A controversial expansion to Pardee Reservoir in northern Calaveras County is no longer on the table after East Bay Municipal Utility District directors voted last week to drop the project from a long-term water supply plan.
The vote Tuesday represents a major victory for environmental groups that sued three years ago to stop the expansion. The Foothill Conservancy, California Sportfishing Protection Alliance and Friends of the River prevailed in a Sacramento County court. EBMUD later released a revised environmental impact report on the plan that projects how the utility will meet its customers’ water demands through 2040.
A new staff recommendation to the EBMUD board called for removal of the Pardee project, and the board signaled its favor for that recommendation in a March 27 public workshop in Oakland.
“We are very happy with the outcome of this long and challenging process,” said Foothill Conservancy President Katherine Evatt. “We’re proud of our foothill communities for coming together to tell EBMUD ‘no’ and to protect the Mokelumne River. We’re glad we filed the suit and saw it through. And we’re grateful to EBMUD for changing course.
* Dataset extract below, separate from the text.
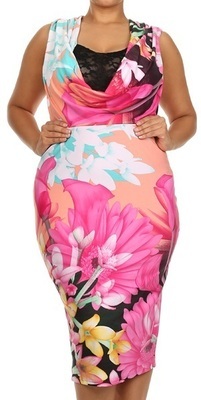 Cowl Midi Dress Pink Tropical Floral Clearance sale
Their decision is right for the foothills, right for the East Bay, and right for the Mokelumne River.”
Evatt said her organization will now focus on an effort to secure a National Wild and Scenic River designation for the stretch of river popular with fishermen and whitewater rafters “so no one has to go through a process like this on the upper Moke again.”
To meet future water needs, EBMUD will instead begin a joint project with the Contra Costa Water District to expand Los Vaqueros Reservoir in the Bay Area.
EBMUD released a revised draft environmental impact report in December 2011 following a Sacramento County judge’s ruling that a Pardee expansion would have significant, unmitigable impacts on recreational and Miwok cultural uses of the Mokelumne River.
While dozens of Calaveras and Amador county residents spoke out against the Pardee portion of the plan in a series of town hall-style meetings during the past two years, and support for it remained mostly muted, the Calaveras County Water District has expressed interest in continued study of an expansion for purposes of creating additional water storage that could benefit local residents.
“This process worked,” said EBMUD board president John A. Coleman. “We listened, we heard, and we acted. It has always been our intent to do the right thing for our customers and partners to get the best use possible out of this precious resource. Together, we will continue to work cooperatively as a region to solve other tough problems ahead.”